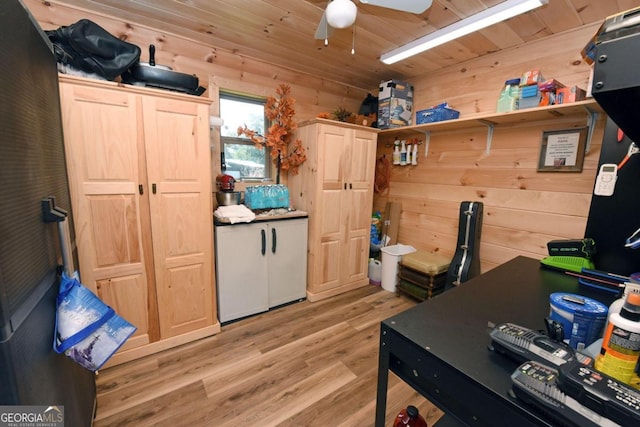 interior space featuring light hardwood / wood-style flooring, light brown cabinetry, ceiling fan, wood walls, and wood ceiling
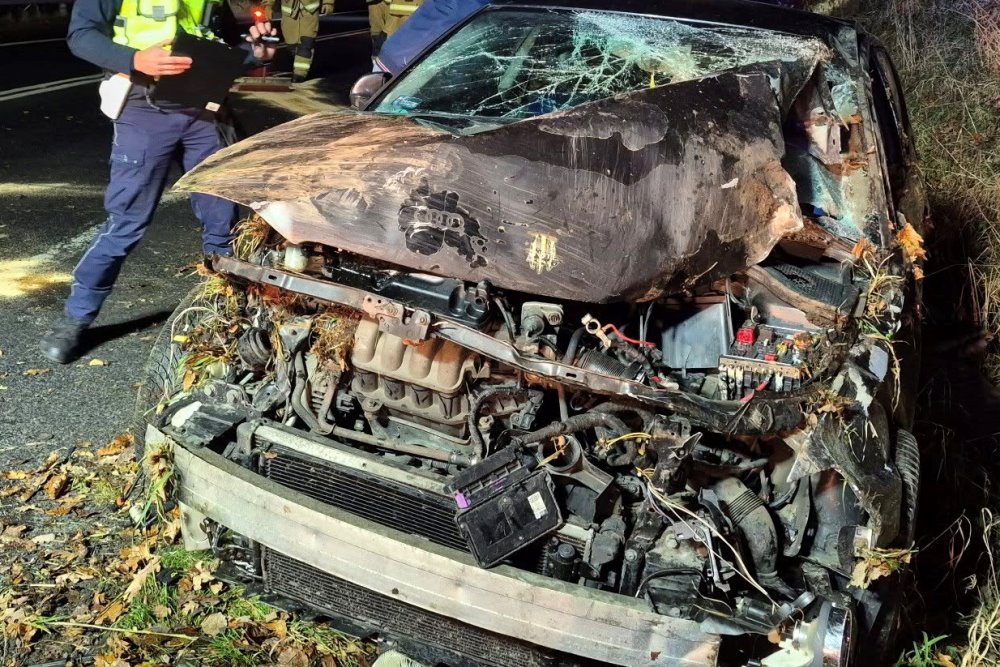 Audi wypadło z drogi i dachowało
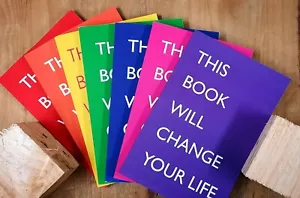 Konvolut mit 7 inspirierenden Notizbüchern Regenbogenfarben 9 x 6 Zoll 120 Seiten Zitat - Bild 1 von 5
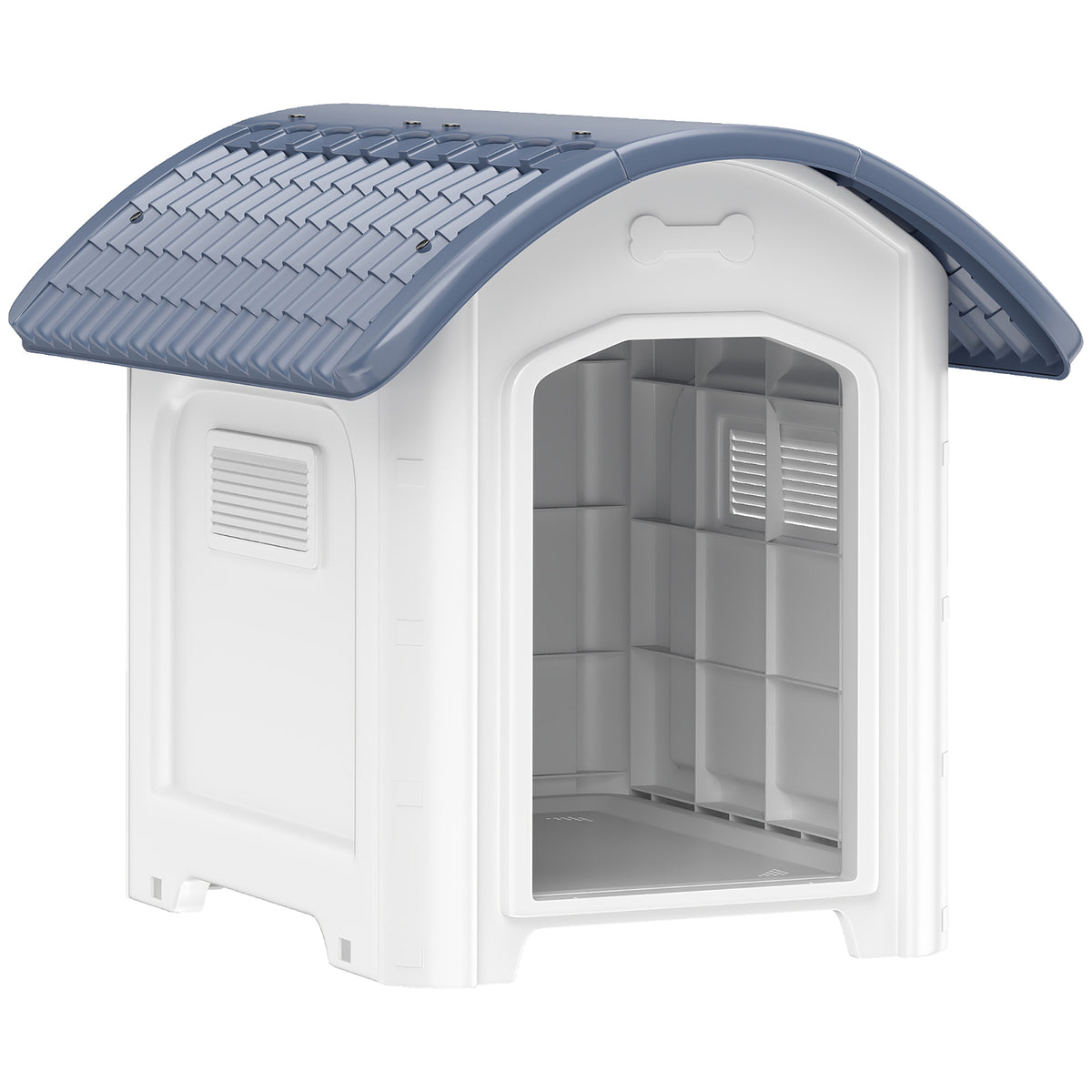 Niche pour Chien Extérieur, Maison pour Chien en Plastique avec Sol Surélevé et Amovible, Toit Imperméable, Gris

——————————

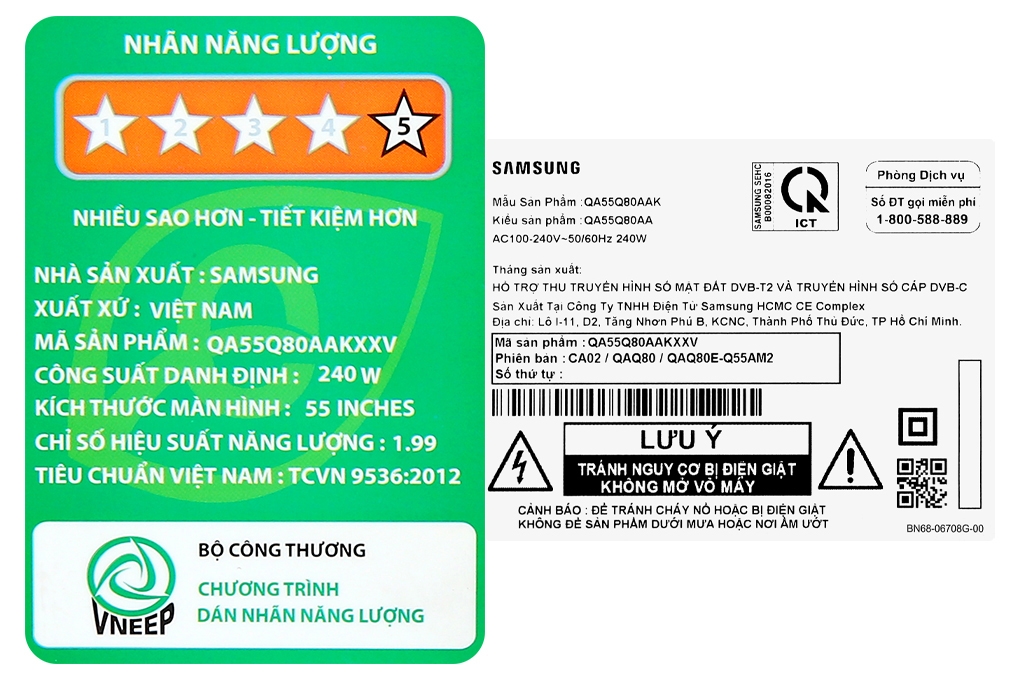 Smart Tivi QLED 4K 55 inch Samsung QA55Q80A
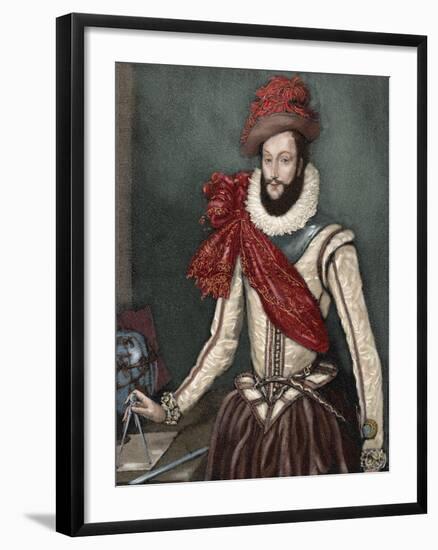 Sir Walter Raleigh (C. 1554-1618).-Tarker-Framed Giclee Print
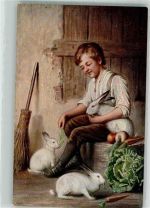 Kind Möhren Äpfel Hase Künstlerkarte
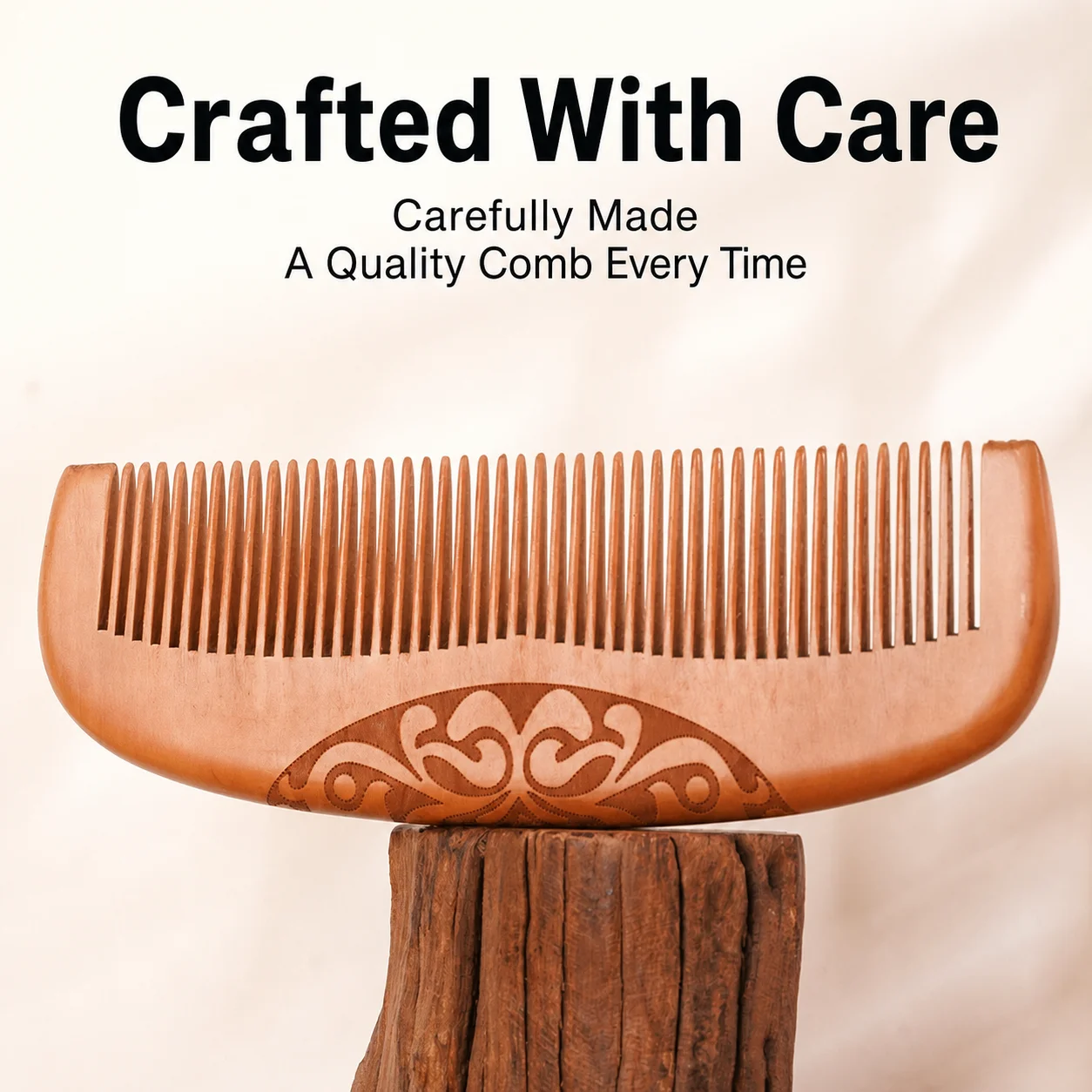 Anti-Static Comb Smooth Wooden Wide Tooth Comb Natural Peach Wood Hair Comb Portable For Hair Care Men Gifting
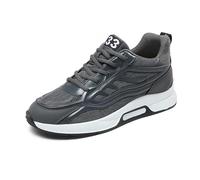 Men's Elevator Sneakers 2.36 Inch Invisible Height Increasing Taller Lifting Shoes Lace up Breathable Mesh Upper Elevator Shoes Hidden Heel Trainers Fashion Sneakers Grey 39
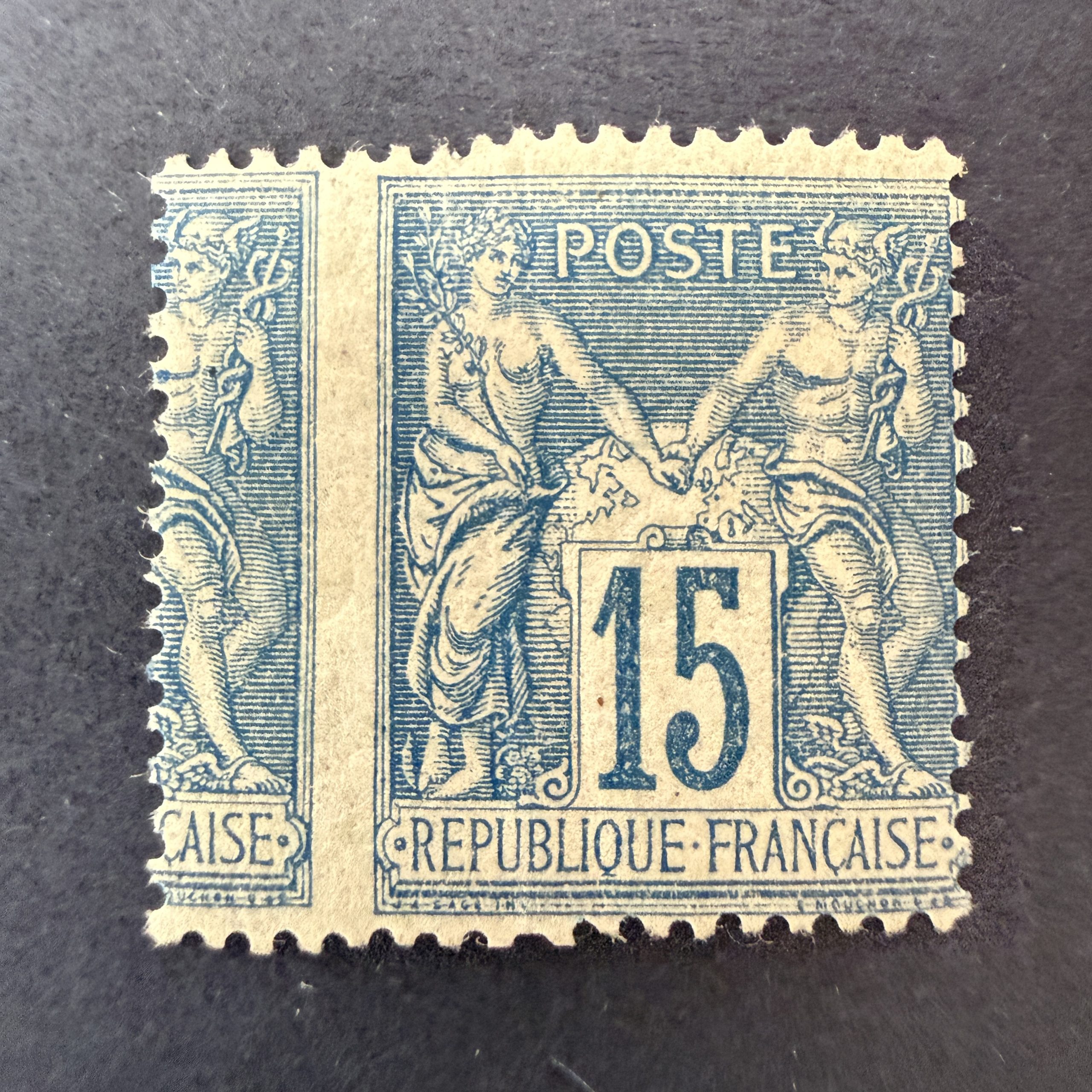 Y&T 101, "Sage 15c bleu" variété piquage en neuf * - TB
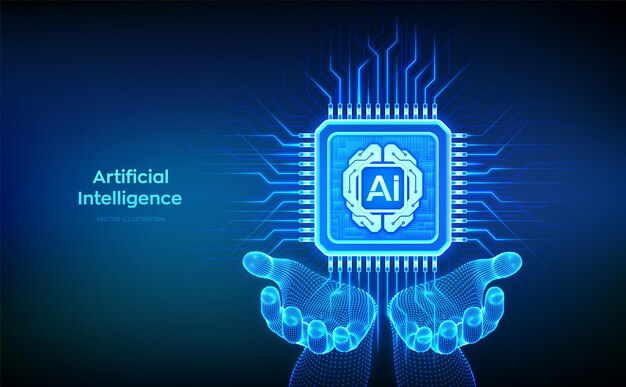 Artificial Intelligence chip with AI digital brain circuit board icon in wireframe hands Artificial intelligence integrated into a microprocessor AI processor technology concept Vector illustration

——————————

Only one part of the material above is wanted: the lines from the one with "Sir Walter Raleigh" up to and including the one with "Anti-Static Comb Smooth". Please copy them exactly, pictures left out.

 Sir Walter Raleigh (C. 1554-1618).-Tarker-Framed Giclee Print
 Kind Möhren Äpfel Hase Künstlerkarte
 Anti-Static Comb Smooth Wooden Wide Tooth Comb Natural Peach Wood Hair Comb Portable For Hair Care Men Gifting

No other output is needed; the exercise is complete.